Advisers mull merits of vigilante approach to ‘bad apples’

Paraplanner sparks debate as he looks to clean up advice industry from within

Photo by Thomas Kelley on Unsplash
5 minutes

A paraplanner who has penned a blog on his decision to become an adviser in an effort to address problems he sees with the client-facing part of the industry has prompted a discussion about how much of a role the industry should play policing bad apples.

Plan Work owner and director Nathan Fryer published the blog last week and wrote that he had had to produce reports for advisers “that you would not wish on your worst enemy”.

Fryer described “recommendations that quite honestly made my blood boil and things that just made me want to contact the end client directly and tell them that the advice that is being provided is just plainly only in the interest in the adviser recommending it.

He wrote: “Having non-disclosure agreements in place prevented me from not only doing what I wanted to do but also from whistleblowing without protection against potential future litigation.”

While the blog pointed some criticism at the Financial Conduct Authority, it also pointed to the need for the industry to work together to “come up with a better way to rid the industry of the rogues”.

Taking ownership of the industry reputation

In the blog, Fryer was even handed in his take on the regulator.

He says: “I agree with some advisers that the regulator is using a sledgehammer to crack a nut unless we can collaboratively work together to come up with a better way to rid the industry of the rogues.”

CWC research’s managing director Clive Waller says he agreed completely with Fryer’s sentiments and the blog was “brilliant.”

“I have received huge flak from mostly anonymous advisers because I have commented on bad practice and mis-selling,” Waller says. “It is great that Nathan is so open and honest.”

Advisers should be responsible for exposing bad apples, he says. “They must take ownership of their trade which means joining a trade association and taking part in industry committees, as well as behaving in a professional manner.”

‘Few of us have much faith in the FCA’

But the FCA did not escape the blame for the industry’s rogues.

Darren Cooke, chartered financial planner at Red Circle Financial Planning, says: “Frankly few of us have much faith in the FCA, they make rules but there is little follow up, it is too easy to slip through the net and give poor advice as there is little to no enforcement.

Cooke says: “Its like having speed limits on roads but no police or traffic cameras to enforce them, the only time you would get caught is when there is an accident.”

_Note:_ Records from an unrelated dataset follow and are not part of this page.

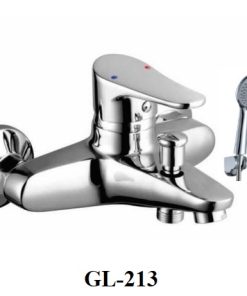 Củ sen tắm nóng lạnh GOLICAA GL-213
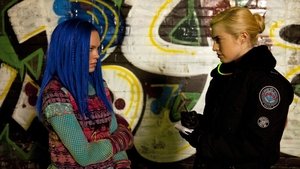 Rookie Blue Epizóda 6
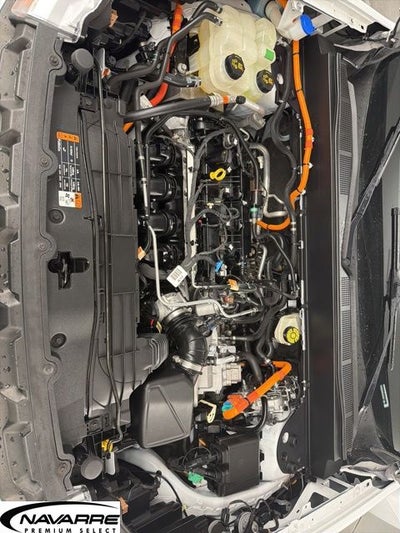 2022 Ford Maverick XL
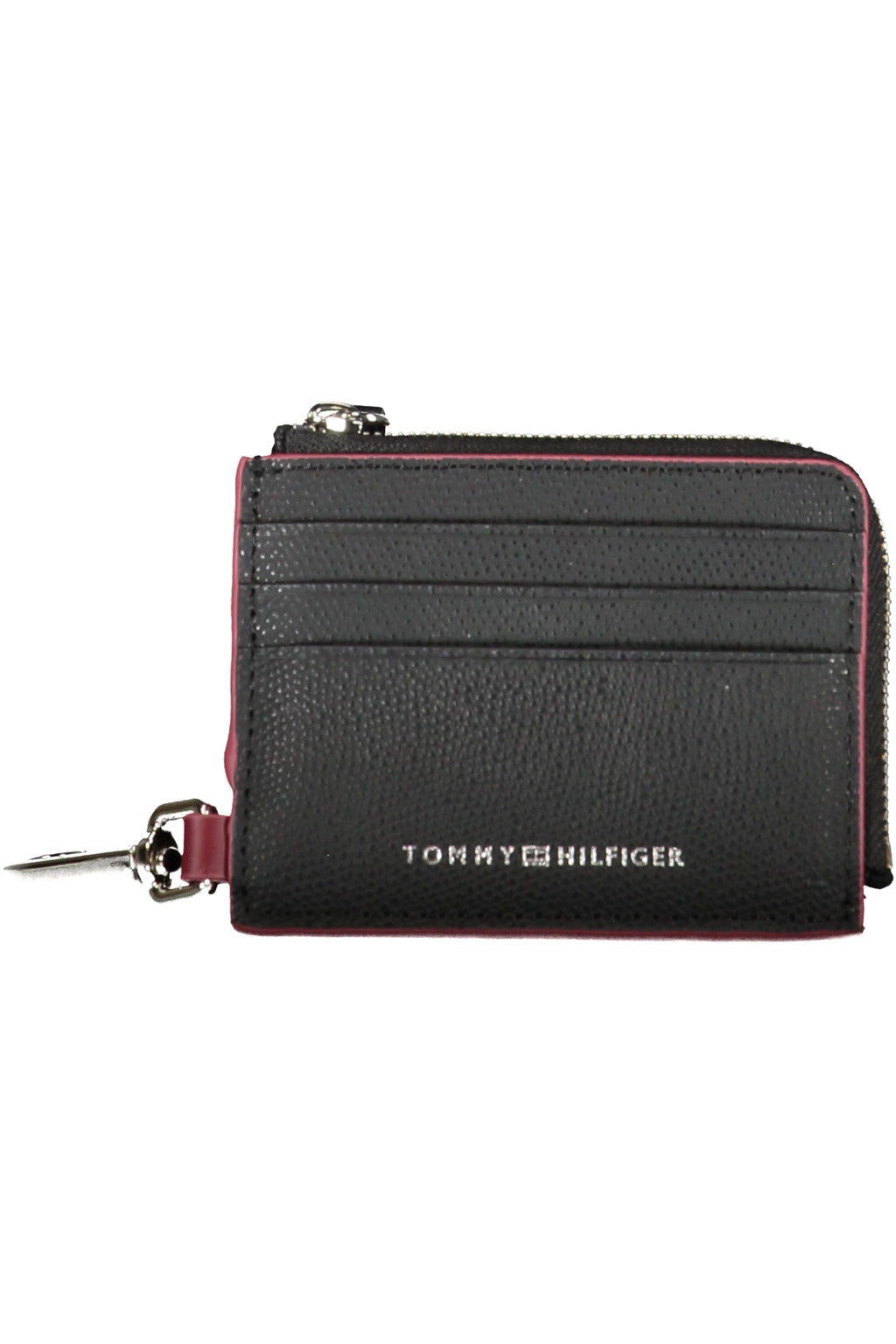 Portafoglio TOMMY HILFIGER Nero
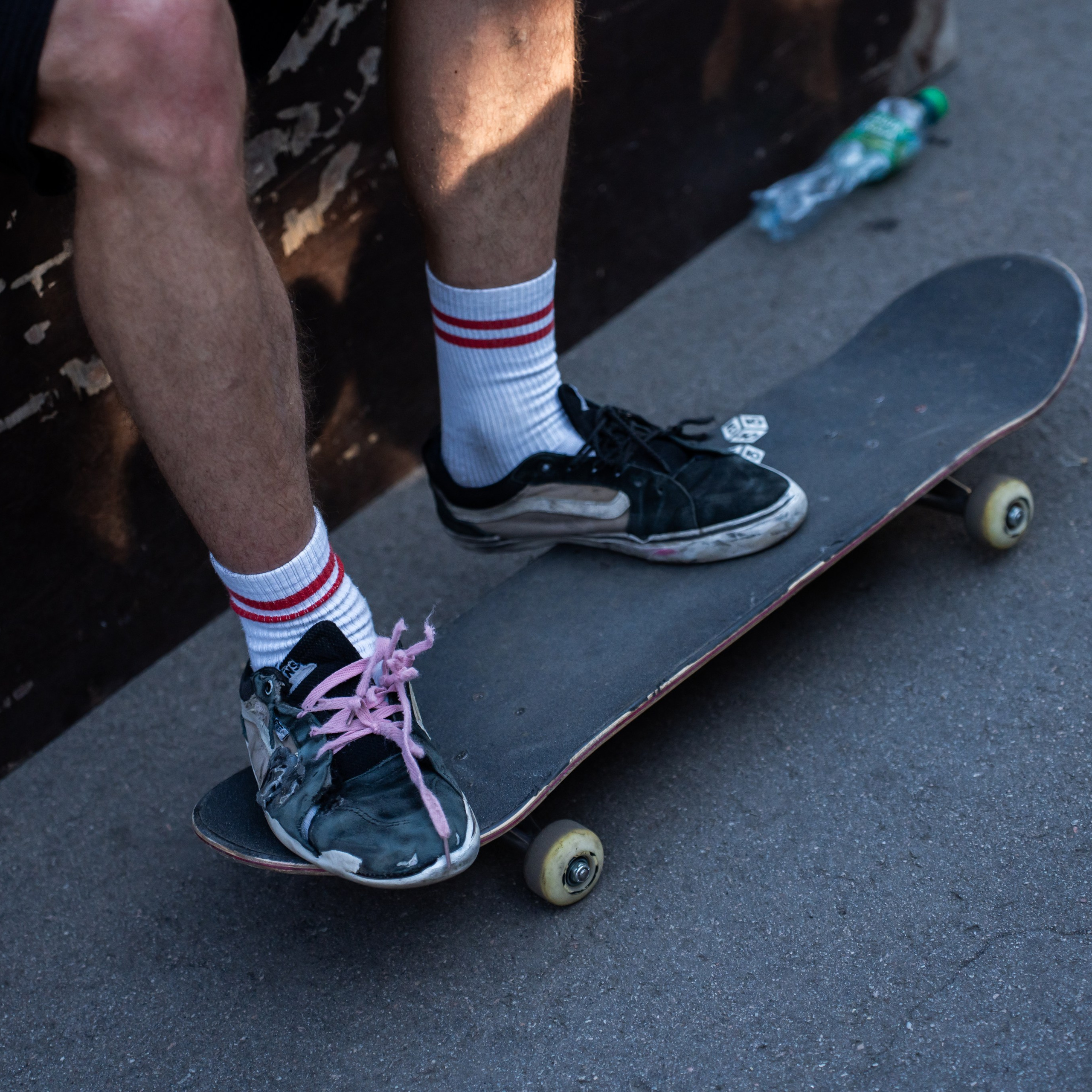 УЛИЧНАЯ КЛАССИКА. Фотограф в Воронеже Ксения Князева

Fryer acknowledges regulation can feel like “it is being implemented to make the lives of smaller adviser firms harder to operate”.

He wrote: “More regulation may not be the answer. I feel better enforcement is, but the FCA most likely have the same budget pressures as the rest of society, so we need, as a profession, to come up with another way of policing the bad ones.”

Waller also criticises the FCA, stating they micromanage processes in the industry using regulation such as PROD (Product Intervention and Product Governance Sourcebook). “Sadly, FCA writes loads of papers and thematic reviews but only regulates in the rear-view mirror.”

Others echoed some of the more sympathetic comments Fryer made about the FCA. Tom Kean, director at Thames Financial Planning says the FCA has an “impossible job” but it’s not a reason to give up.“Mifid II is a great example of trying very hard to simplify but getting it totally wrong with numerous unintended consequences. The net result is confusion and a further degradation of trust.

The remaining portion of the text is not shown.